Syntax is a big part of the story. The words in a sentence play different roles and so are easy to distinguish from one another. Various syntactic devices – word order, the uses of suffixes and prefixes, function words (articles and prepositions) – help us to assemble them in the right configuration so as to preserve the meaning.
Things are different above the sentence level. The proper ordering of sentences is a big part of it. If you take a perfectly coherent chunk of text and scramble the order of the sentences, it becomes unintelligible. There are more specific devices as well, such as conventions for pronominal reference.
A quantitative relationship between concepts, dimensions, and token strings
Now, it seems to me that we’d like to have a way of thinking about quantitative relationships [at this point my temperature parameter is moving higher and higher] between 1) Concepts: the number of distinct concepts in a vocabulary, 2) Dimensions: the number of dimensions in the vector space in which you embed those concepts, and 3) Token strings: the number of tokens an engine needs to train on in order to locate the map the tokens to the proper positions (i.e. types) in the vector space so that they are distinguished from one another and in the proper relationship.

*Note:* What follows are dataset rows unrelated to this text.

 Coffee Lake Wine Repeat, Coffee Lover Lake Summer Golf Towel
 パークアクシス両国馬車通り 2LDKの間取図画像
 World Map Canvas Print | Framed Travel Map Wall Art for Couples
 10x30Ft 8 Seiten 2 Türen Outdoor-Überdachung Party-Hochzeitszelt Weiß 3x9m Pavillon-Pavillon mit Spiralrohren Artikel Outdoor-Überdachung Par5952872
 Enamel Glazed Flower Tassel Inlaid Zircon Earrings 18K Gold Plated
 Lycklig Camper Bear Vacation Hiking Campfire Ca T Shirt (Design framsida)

What do I mean by “distinct concepts” & what about Descartes’ “clear and distinct ideas”? I don’t quite know. Can the relationality of words be resolved into orthogonal dimensions in vector space? I don’t know. But Peter Gärdenfors has been working on it and I’d recommend that people working LLMs become familiar with his work: Conceptual Spaces: The Geometry of Thought (MIT 2000), The Geometry of Meaning: Semantics Based on Conceptual Spaces (MIT 2014). If you do a search on his name you’ll come up with a bunch of more recent papers.
And of course there is more to word meaning than what you’ll find in the dictionary, which is more or less what is captured in the vector space I’ve been describing to this point. Those “core” meanings are refined, modified, and extended in discourse. That gives us the distinction between semantic and episodic knowledge (which Eric Saund mentioned in #113). The language model has to deal with that as well. That means more parameters, lots more.

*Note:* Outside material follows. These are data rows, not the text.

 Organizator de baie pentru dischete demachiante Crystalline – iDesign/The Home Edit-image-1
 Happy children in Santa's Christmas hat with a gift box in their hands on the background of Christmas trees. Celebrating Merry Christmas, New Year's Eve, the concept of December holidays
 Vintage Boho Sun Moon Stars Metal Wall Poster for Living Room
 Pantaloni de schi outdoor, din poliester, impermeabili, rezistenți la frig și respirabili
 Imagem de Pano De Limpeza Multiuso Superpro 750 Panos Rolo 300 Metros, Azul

I have no idea what it’s going to take to figure out those relationships. But I don’t see why we can’t make substantial progress in a couple of years. Providing, of course, that people actually work on the problem.
Addendum: What about the adhesions of abstract concepts?
Added 3.12.23
Within the semanticity component of meaning I have distinguished between adhesion and relationality: “Adhesion is what links a concept to the world” and “relationality is the relations that words have with one another.” But what about the adhesion of words that are not directly defined in relation to the physical world? Since they are defined over other words, doesn’t their adhesion reduce to relationality?

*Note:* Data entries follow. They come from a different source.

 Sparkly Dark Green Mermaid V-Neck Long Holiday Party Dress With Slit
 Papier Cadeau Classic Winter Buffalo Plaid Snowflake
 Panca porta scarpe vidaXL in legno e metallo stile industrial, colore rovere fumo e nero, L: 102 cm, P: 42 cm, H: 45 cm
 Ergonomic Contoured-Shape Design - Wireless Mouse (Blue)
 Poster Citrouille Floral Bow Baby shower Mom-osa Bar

Not really. Take David Hays’s standard example: Charity is when someone does something nice for someone else without thought of reward. Any story that satisfies the terms of that definition (“when someone does...reward”) is considered an act of charity. The adhesion of the definiendum, charity, is not with any of the words, either in the definiens or in any of the stories that satisfy the definiens, but with the pattern exhibited by the words. It’s the pattern that characterizes the connection to the world, not the individual words in stories or in the defining pattern.